Holiday Entertaining

For a Juicier Holiday Roast, Pretend Your Oven is a Grill

December  8, 2016

The basic problem with roasting your roast in a roasting pan, even with a V rack, is uneven cooking. The bottom of your roast is shielded from heat circulation, and if there are vegetables in the pan to catch any drippings, the temperature at the bottom of your roast will be even cooler (sometimes 100° F cooler). Meanwhile, the top of your roast will be exposed, basking in direct heat, getting a beautiful crisp exterior. Half the roast in one state, and the other half is in a whole other one. You could flip your roast partway through, but that can be precarious.

Soooo, what now?

Well if it were up to Meathead, the author of the eponymous book, this predicament would never happen. He’d have thrown out your roasting pan long ago. “I hate the roasting pan,” he hardly sugarcoated when he talked rib roast on Facebook Live. Go to his website to see how he really feels about the roasting pan:

They ought to ban roasting pans with V racks. They're expensive and they hamper proper cooking.

Now that you're not going to use a you know what (r-o-a-s-t-i-n-g p-a-n), Meathead has two—unorthodox but also sage—suggestions. You could grill your roast (he's a capital-G Griller), or you could use your oven like you do a grill, by which we mean put your roast directly on your oven rack. Like, right on the racks, like you do on a grill. Yes, I said that.

Here’s the set up:

  • Position your oven racks about 2 inches apart towards the upper part of your oven.
  • Put a piece of foil down on the bottom rack.
  • Put a pan of any sort on the foil-lined rack. You can stick your meat scraps and bones, aromatics, wine, and/or stock in the pan—this is where the drippings will drip.
  • Put your well-oiled roast (and that means your rib roast, but also pork crown roast, turkey, chicken, leg of lamb) on the top rack.

The meat then gets heat circulation all the way around, including from the bottom—and you won’t need to turn it at any point. You’ll still get to make a good sauce with the drippings, you’ll just also have a uniformly juicy piece of meat to go along with it.

Left to right: problematic to beautiful, evenly cooked orbs.

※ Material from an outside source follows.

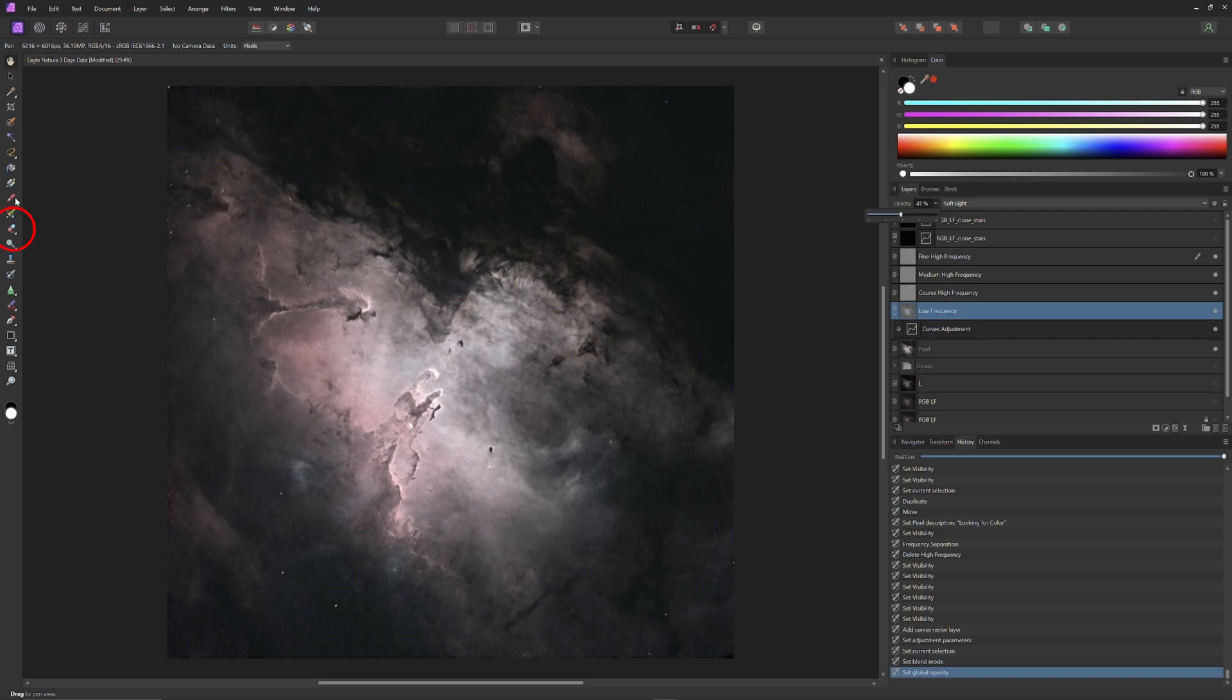So I'll select the Erase Brush, set the Flow to 20% and the Hardness to 0%, which gives us a brush with very soft edges that blends easily into the background and has a gentle effect on the image which will require multiple strokes to apply. And I'll erase out the Low Frequency Layer right from the very tip of Pillar 1.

Photo by Meathead

Concerns?

If the thought of putting meat right on oven racks just makes you think about how much you’ll have to clean, remind yourself that you clean grill racks; this is the exact same idea.

Join The Conversation

Top Comment:
“Better idea is to elevate the roasting rack 3-4 inches above the top of the pan. Get air circulation without the mess.”
— Pamela P.
Comment

If you’re worried the meat will stick to the racks, think again to your grill; if you oil your meat, yes it will at some point stick to the racks, but as it cooks and dries out, it will release.

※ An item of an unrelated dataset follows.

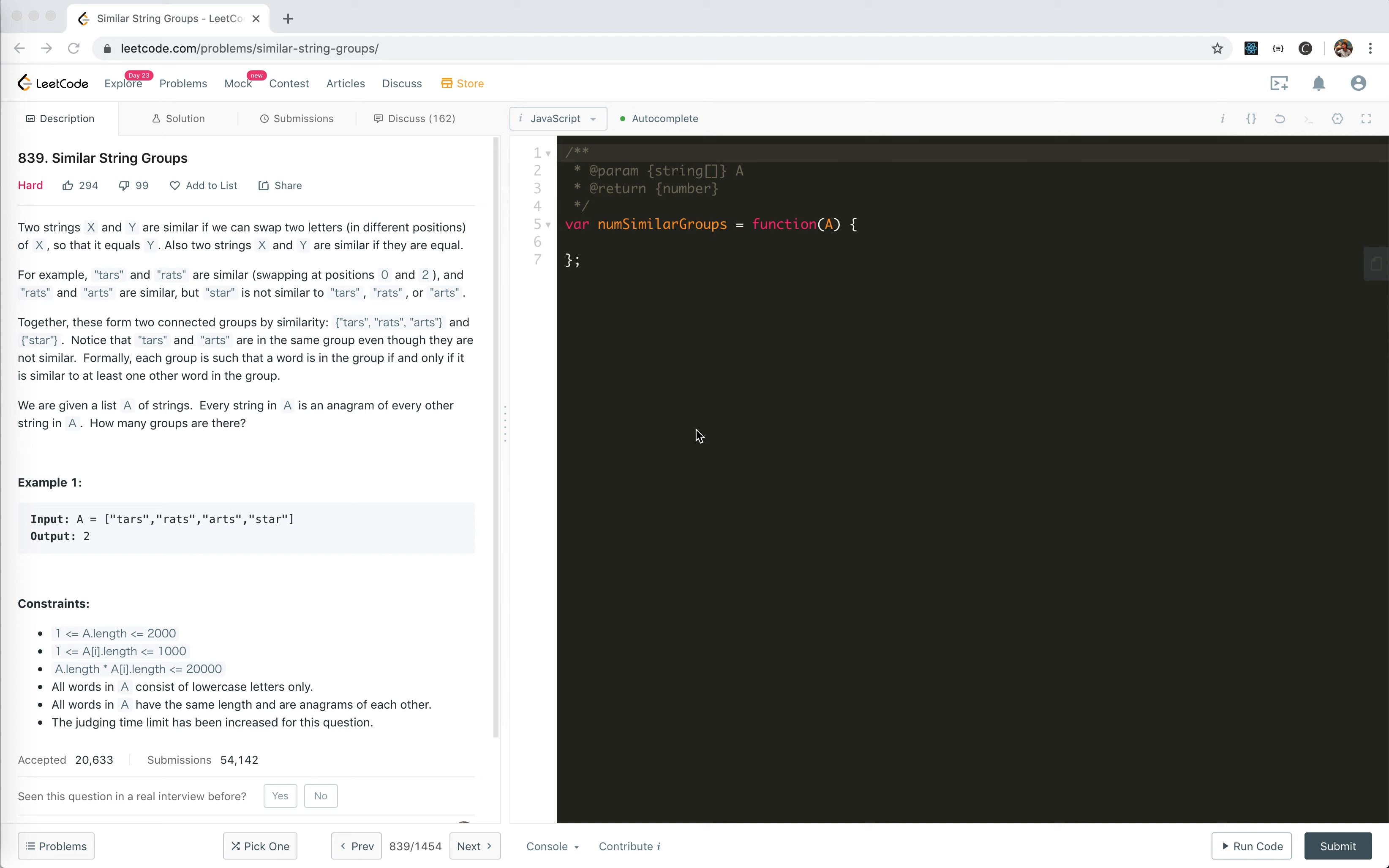Hey guys, how's everything going? This is Jaycer. In this video, I'm going to take a look at 839, similar string groups.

If you still can't stop thinking about the cleaning involved, you could wrap the rack rods with foil, making sure the exposed areas between rods are still exposed so heat can circulate close to the meat. Meathead says you could spray racks with oil, but that can get a little messy when the oil drips.

Sold now? Here are the details.

  • You’ll want to cook cuts with exterior bones (like your rib or crown roast) without its bones: Bones on the meat’s exterior act as a heat shield (much like a roasting pan does). They prevent heat from getting to the meat in an even fashion, and they don’t add enough flavor to make their presence worthwhile. A butcher can cut the bones off for you, or you can do it yourself. Stick those bones in that dripping pan!
  • By the same token, you want the roast to be as uniform in shape as possible because you want heat to travel from all sides at the same rate. Squish the meat into a cylinder and tie it with some twine if necessary.
  • You’ll want to cook your roast low and slow so the heat has a chance to travel through. Say, 300° F or 325° F.
  • You will know when the meat’s done when the meat thermometer—not the clock—tells you so. This is so important that if you’re invited to Meathead’s Christmas, he might give you a meat thermometer. Cook time is determined by the thickness of your cut, not the weight, so only a thermometer can determine when heat has sufficiently traveled through your whole roast.
  • Because the meat is cooking at a low temperature, it might not develop the crust you want. No big deal! Once the roast is just about done, crank up the heat on your oven to reverse-sear it.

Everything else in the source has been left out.